More than ever before, when we deliver training to sales teams, salespeople ask how to deal with angry customers who are pissed off – not because something happened, but because whatever happened was made worse by incompetent or non-existent customer service or technical support.
Who thought it was a good idea to have AI and/or offshore support teams solve customer problems when those customers were already upset before they reached out? Both consistently get abysmal ratings and neither is capable of accomplishing anything beyond further upsetting the customer.
This is a double-edged problem because while it manifests as a customer service problem it affects customer retention and it becomes a sales problem. Companies may tell you they need to do a better job with customer service training, but it’s not a training problem. It’s a caring problem. To put customer problems in the hands of a bot, no matter how artificially intelligent it may be, is a disaster waiting to happen. To put already frustrated customers in the hands of offshore reps, who don’t know anything other than how to follow a script that isn’t in their native language, is even more frustrating because when you speak with a human you have higher expectations that the problem will be resolved.

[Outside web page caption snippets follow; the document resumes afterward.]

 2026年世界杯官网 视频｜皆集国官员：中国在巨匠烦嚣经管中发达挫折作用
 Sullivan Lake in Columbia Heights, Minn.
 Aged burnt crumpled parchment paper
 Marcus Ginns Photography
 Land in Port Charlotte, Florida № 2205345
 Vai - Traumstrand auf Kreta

Customer service teams, even when invisible or automated, are the ones responsible for interfacing with unhappy customers. Disney would call this a combustion point – a potential event (they use being unable to locate your car as an example), that would tarnish a customer’s experience at the happiest place on earth.

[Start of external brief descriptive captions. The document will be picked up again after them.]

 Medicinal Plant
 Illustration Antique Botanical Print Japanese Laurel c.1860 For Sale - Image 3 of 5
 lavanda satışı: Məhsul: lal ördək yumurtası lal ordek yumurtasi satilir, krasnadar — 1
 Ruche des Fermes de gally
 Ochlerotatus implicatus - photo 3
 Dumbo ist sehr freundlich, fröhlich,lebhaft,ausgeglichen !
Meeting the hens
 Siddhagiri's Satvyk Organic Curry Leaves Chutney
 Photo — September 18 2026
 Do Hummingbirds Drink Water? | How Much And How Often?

It is irresponsible for companies to take their least trained, least effective, and least talented people, and assign them to the company’s biggest combustion points. This horrible practice forces sales teams to spend way too much of their time replacing customers, units, revenue, and profit when it could have all been prevented.
Come on C Suite! At a time when we need people to apply common sense and be practical, your customer service and sales decisions are just as bad as those made by our pathetic politicians.